AnalyticDB for MySQL supports two methods to access data in Lindorm wide tables: using Java Database Connectivity (JDBC) and using the Spark Datasource V2 interface. The differences between the two methods are as follows:

  • The JDBC method supports accessing only the default database in a Lindorm wide table.

  • The Spark Datasource V2 interface method supports accessing any database in a wide table.

  • The Lindorm team reports no significant difference in efficiency between the two methods because the Spark Datasource V2 interface also concatenates SQL statements at the underlying layer.

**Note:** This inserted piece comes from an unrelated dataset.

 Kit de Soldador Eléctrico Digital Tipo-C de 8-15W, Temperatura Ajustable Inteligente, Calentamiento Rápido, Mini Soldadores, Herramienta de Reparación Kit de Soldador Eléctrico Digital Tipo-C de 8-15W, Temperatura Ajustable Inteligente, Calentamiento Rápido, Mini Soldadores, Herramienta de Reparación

Access wide table data using JDBC

  1. Obtain the virtual private cloud (VPC) endpoint for LindormTable SQL. For more information, see View endpoints.

  2. Download the Lindorm JDBC Driver dependency and upload the JAR package to OSS. For more information, see Upload a file.

    Note

    The version of lindorm-all-client must be 2.1.6.

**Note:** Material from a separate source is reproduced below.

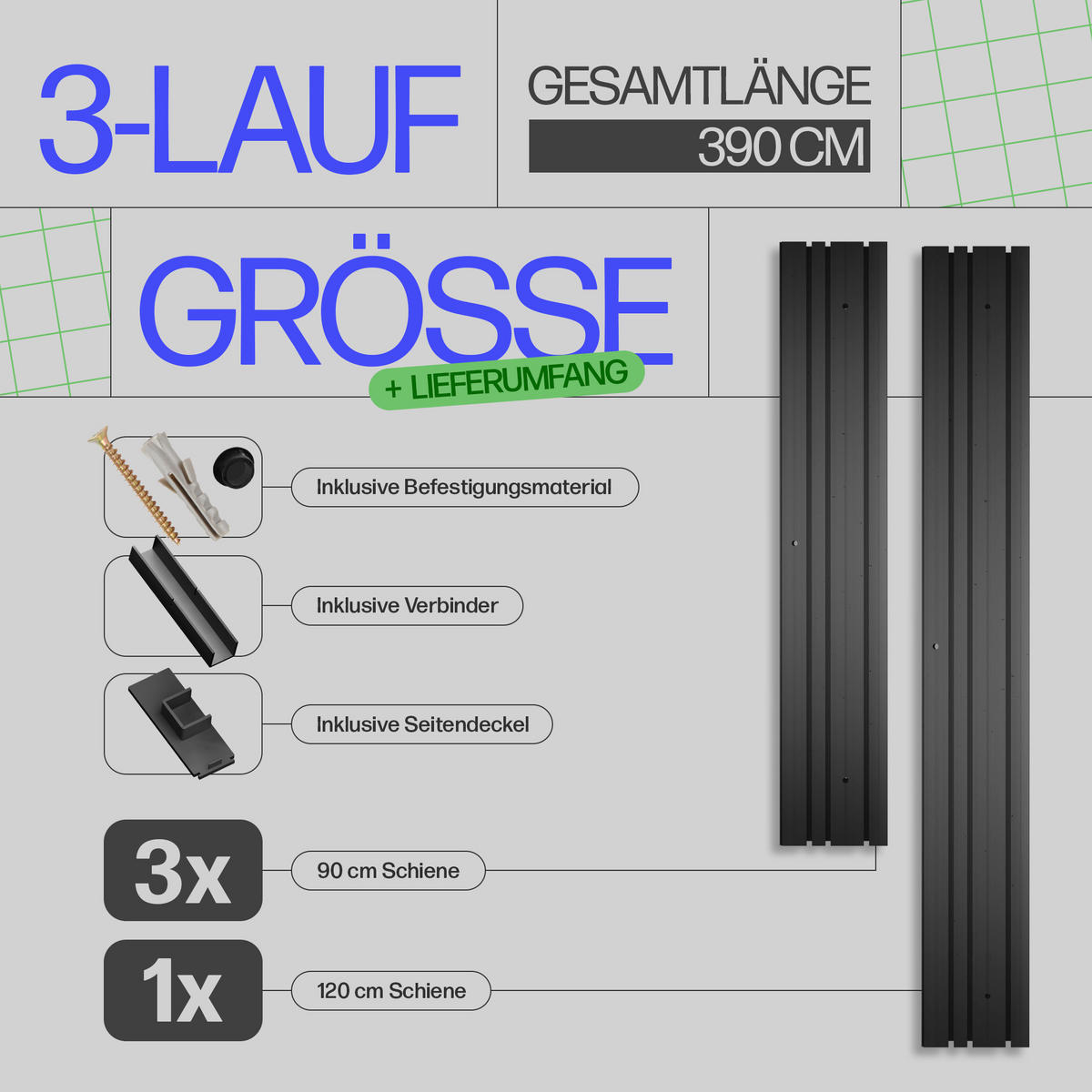 GARDINENSCHIENE 390cm (3x90/1x120cm) 3-läufig - Schwarz, Kunststoff (10/1.8/390cm)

  3. Log on to the AnalyticDB for MySQL console. In the upper-left corner of the console, select a region. In the left-side navigation pane, click Clusters. Find the cluster that you want to manage and click the cluster ID.

  4. In the navigation pane on the left, click Job Development > SQL Development.

  5. In the SQLConsole window, select the Spark engine and the job resource group.

  6. In the SQLConsole window, enter the following job content:

    set spark.adb.eni.enabled=true;
    set spark.adb.eni.vswitchId=<vsw-bp14pj8h0k5p0kwu3****>;
    set spark.adb.eni.securityGroupId=<sg-bp11m93k021tp4ca****>;
    
    add jar oss://<bucketname>/hbase_jars/lindorm-all-client-2.1.6.jar;
    
    CREATE TEMPORARY VIEW tb
    USING org.apache.spark.sql.jdbc
    OPTIONS (
      driver 'com.aliyun.lindorm.table.client.Driver',
      url 'jdbc:lindorm:table:url=http://ld-bp1ttz8833x9c****-proxy-lindorm.lindorm.rds.aliyuncs.com:30060/default', -- private network address
      dbtable 'tb',
    -- The database username obtained from the Lindorm console
      user 'test',
    -- The database password obtained from the Lindorm console
      password 'password',
      fetchsize 10000
    );
    
    -- Create an external OSS database and table
    create database if not exists external_oss_db location 'oss://<bucketname>/warehouse/db';
    create table if not exists external_oss_db.lindorm_table_1(id string, name string) using parquet location 'oss://<bucketname>/warehouse/db/lindorm_table_1/';
    
    -- Insert data from the Lindorm wide table into the external OSS table
    insert into external_oss_db.lindorm_table_1 select * from tb;
    
    -- Read data from the external OSS table
    select * from external_oss_db.lindorm_table_1;

    Parameter description:

    Parameter

    Description

    jar

    The OSS path where the JAR package that you downloaded in Step 2 is stored.

    driver

    The Lindorm JDBC Driver dependency. The value is fixed at com.aliyun.lindorm.table.client.Driver.

    url

    The VPC endpoint for LindormTable SQL that you obtained in Step 1. The format is

    VPC endpoint for LindormTable SQL/database name.

    For example: jdbc:lindorm:table:url=http://ld-bp1ttz8833x9c****-proxy-lindorm.lindorm.rds.aliyuncs.com:30060/default

    dbtable

    The name of the Lindorm wide table database. In this example, the value is tb.

    user

    If you forget the user password, you can change it in the cluster management system of LindormTable.

    password

    fetchsize

    The number of data rows to read per connection. You can adjust this value as needed.

    Important

    You must configure the fetchsize parameter when you submit a Spark job. Otherwise, data cannot be queried.

  7. Click Execute Now.

  8. After a Spark job runs successfully, you can view the table data in the Log section on the Spark Jar Development page and the Application List tab. For more information, see Spark development editor.